In the UK, the Competition & Markets Authority is driving the Open Banking agenda. It aims to create a market in which innovative and secure apps will provide personalised services and information to cover all the financial needs of individuals and to increase competition with and between banks.
Already, competitors to the traditional retail banks are emerging to take advantage of Open Banking by offering personalised services to niche but substantial markets. For example, the UK’s Redwood Bank will focus on lending to small companies and another new entrant is focused on providing banking services for armed services personnel. These banks are creating targeted value propositions in areas where the traditional banks are thought to be under-serving the market. Niche markets are generally too small for the big banks as it has been perceived that there are not enough potential customers to create a business case for tailoring products and solutions.
PSD2 will enable banks and other organisations to access a wide variety of customer data, including transaction history and balances. With these insights, organisations will be able to improve personalisation.
Data and the ability to analyse it in real time is the cornerstone of personalisation as it enables organisations to deliver unique services and meaningful insights: 83% of respondents to a recent Earnix survey believe it will be common within five years for banks to offer data analytics-based services to help customers manage their lives, not just their finances, more effectively. The use of data analytics to offer new value-added, insight-based services will be critical to maintain margins over the next five years. This will be increasingly important as competition intensifies.
Not only will data enable banks to more effectively ‘slice and dice’ their customer base, understanding different groupings and targeting specific products at them, but it also enables banks to become more proactive. By analysing data in real time, banks can offer personalised services such as pre-approved mortgages, personal loans, and other products to customers. Previously such services were customer-driven; a customer would approach a bank for a product, such as a mortgage or personal loan.
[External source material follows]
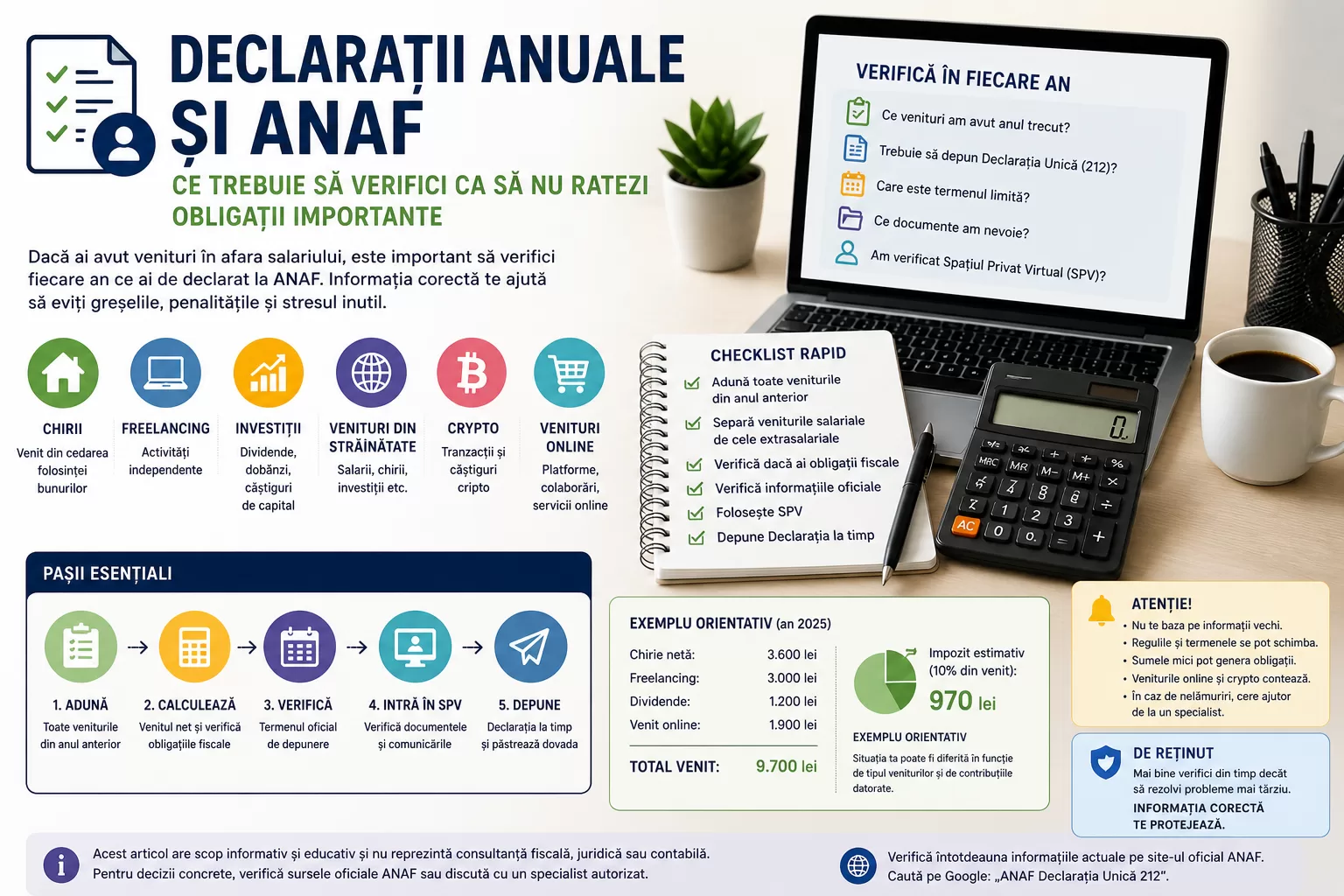 Ghid premium pentru verificările fiscale anuale la ANAF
With advanced data analytics, a bank should be able to pre-empt a customer’s needs. By analysing transaction data, a bank could quickly identify when a customer would benefit from a particular product or new account type. Just as online providers such as Amazon suggest other products its customers may like, so too could banks proactively offer complementary or related products that match the customer’s circumstances.
Analytics will also help banks to more closely manage their relationship with customers. Transactions may indicate that a customer might move to another institution; analytics and access to third party data will aid a bank in more accurately understanding the current relationship value and the lifetime customer value. Also, banks will be able to target customer segments that are most likely to move more activity and assets to the bank.
Personalised experiences and products powered by advanced analytics and machine learning will be key to woo customers in this new era of extreme competition. Analytics platforms empower bankers to make faster and more informed decisions, driving personalized customer engagements while meeting their business objectives.